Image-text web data
▬▬▬▬▬▬▬▬▬▬
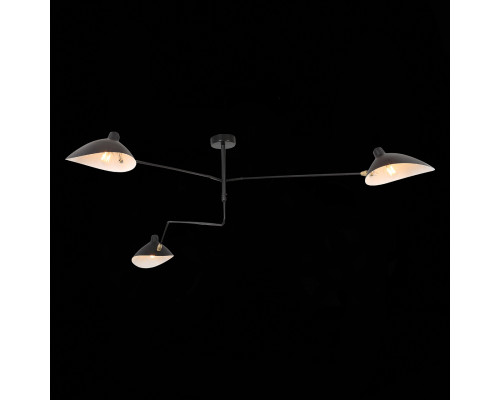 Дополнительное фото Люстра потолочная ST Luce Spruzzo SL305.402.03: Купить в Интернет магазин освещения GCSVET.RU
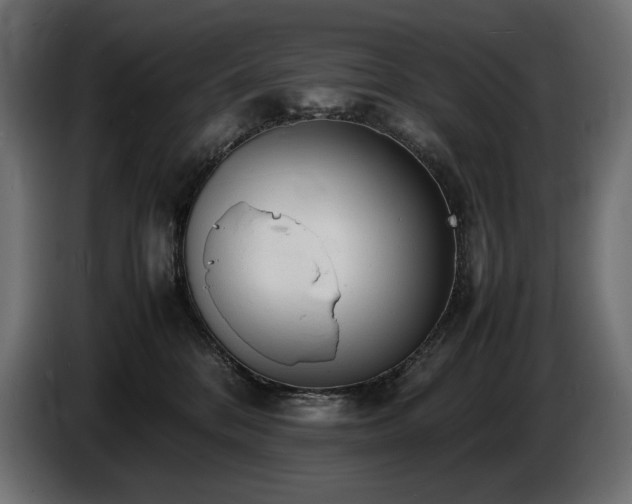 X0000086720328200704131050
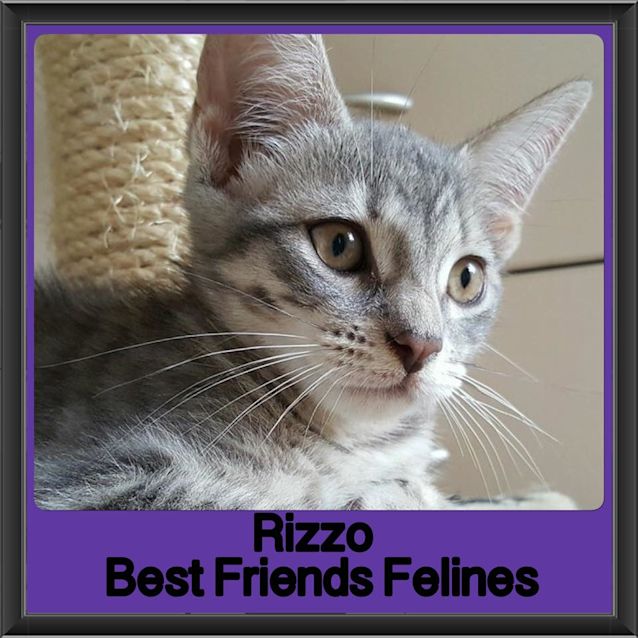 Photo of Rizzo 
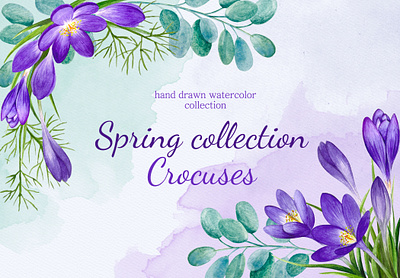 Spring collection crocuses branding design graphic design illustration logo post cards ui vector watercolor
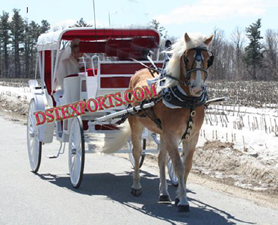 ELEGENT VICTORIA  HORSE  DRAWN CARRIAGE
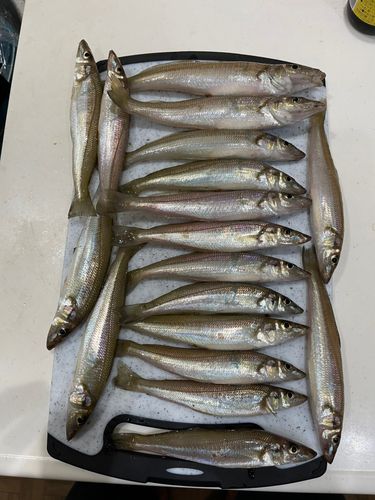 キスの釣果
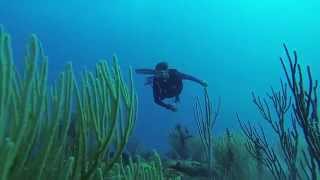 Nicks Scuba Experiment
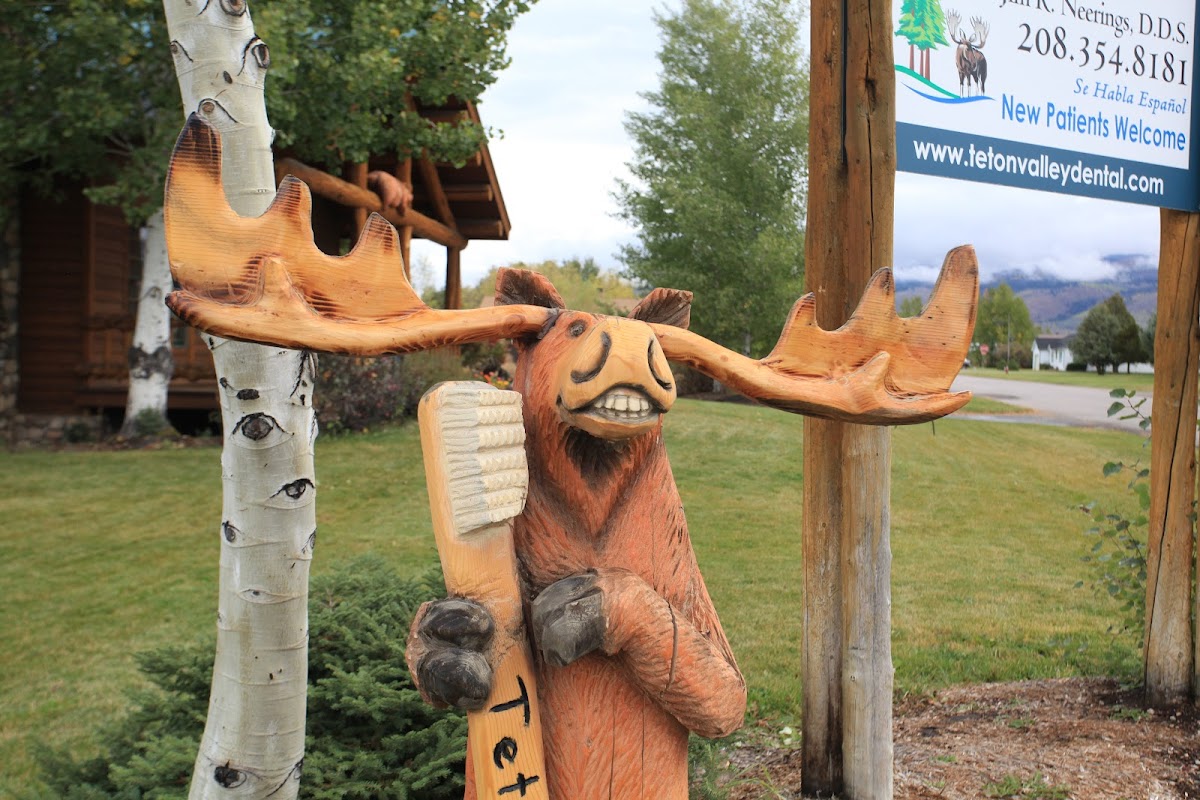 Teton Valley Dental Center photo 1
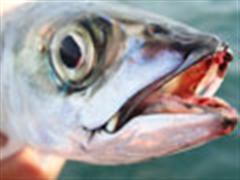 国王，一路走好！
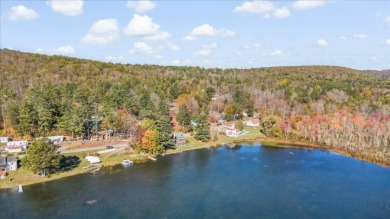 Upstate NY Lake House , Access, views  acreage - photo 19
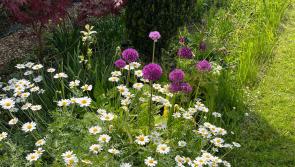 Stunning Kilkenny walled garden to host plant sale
▬▬▬▬▬▬▬▬▬▬
What this task involves: All lines after and including the one with "X0000086720328200704131050", through the end of the entries above, should be output exactly and by themselves. The pictures are to be left out.

Problem solution:
 X0000086720328200704131050
 Photo of Rizzo 
 Spring collection crocuses branding design graphic design illustration logo post cards ui vector watercolor
 ELEGENT VICTORIA  HORSE  DRAWN CARRIAGE
 キスの釣果
 Nicks Scuba Experiment
 Teton Valley Dental Center photo 1
 国王，一路走好！
 Upstate NY Lake House , Access, views  acreage - photo 19
 Stunning Kilkenny walled garden to host plant sale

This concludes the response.